幅広い写真システムを通して新たな表現を探求する研究室
大和田先生の主な研究テーマについてお聞かせください
大和田:アナログからデジタルまで、アプローチを限定することなく、古典技法から現代の最新の写真術までを幅広く網羅した上で、どのような新しい表現が可能になるか模索しています。
ここ数年は、オルタナティブ・プロセスの持続可能性についての研究に力をいれていますが、デジタル時代において従来の銀塩システムや古典技法と呼ばれるさまざまなオルタナティブ・プロセスを組み合わせた上で、どのような方法が有効な表現方法として確立できるか。
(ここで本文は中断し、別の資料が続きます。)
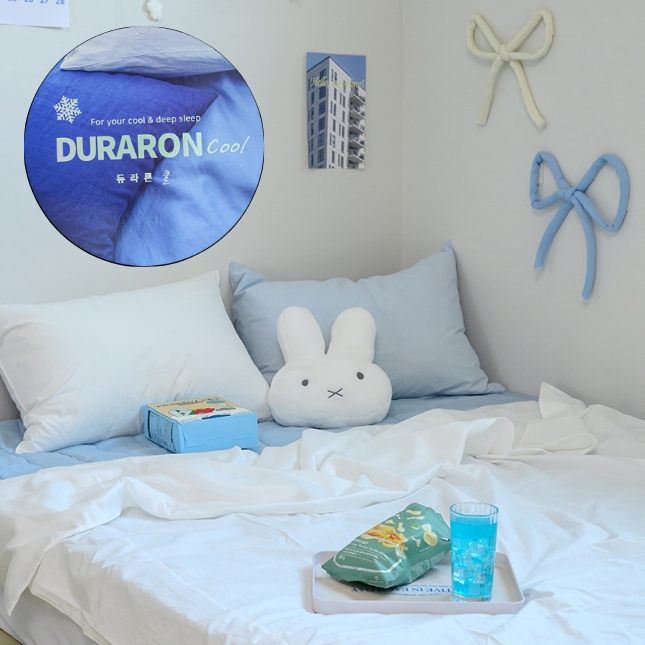 마이컬렉션 듀라론 냉감 이불 패드 베개 세트 여름 호텔 침구 블루, SS(슈퍼싱글)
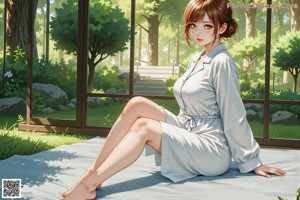 A naked woman sitting on top of a bed.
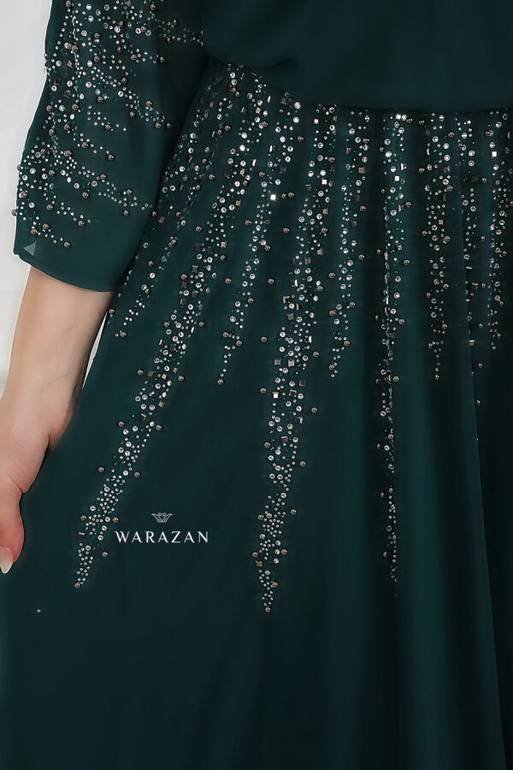 فستان سهرة ساتر بتطريز شك مقاسات كبيرة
また、銀塩を使わないプロセスや古典技法などにおいて、毒性のある薬品を代替薬品に置き換えながら環境負荷の少ない写真技法を研究することで、写真表現の持続可能性といった視点にもつながっていくと考えています。
たとえばどのような代替薬品を用いますか?
大和田:1850年代に確立した写真技法で「コロジオン湿板」があります。従来のプロセスでは、臭化カドミウムなど毒性の高い薬品を用いますが、臭化カリウムなど毒性がなるべく低いものに置き換えて実践しており、研究室で学生と共に各種検証をしています。
具体的には、そうした代替薬品を用いた時に、どんな色調再現の違いが現れるか、果たしてそれが本当に写真技法として満足のいく濃度になるのかということを、細かくテストしながら特性を調べ、結果を定量的に見せていくということを行っています。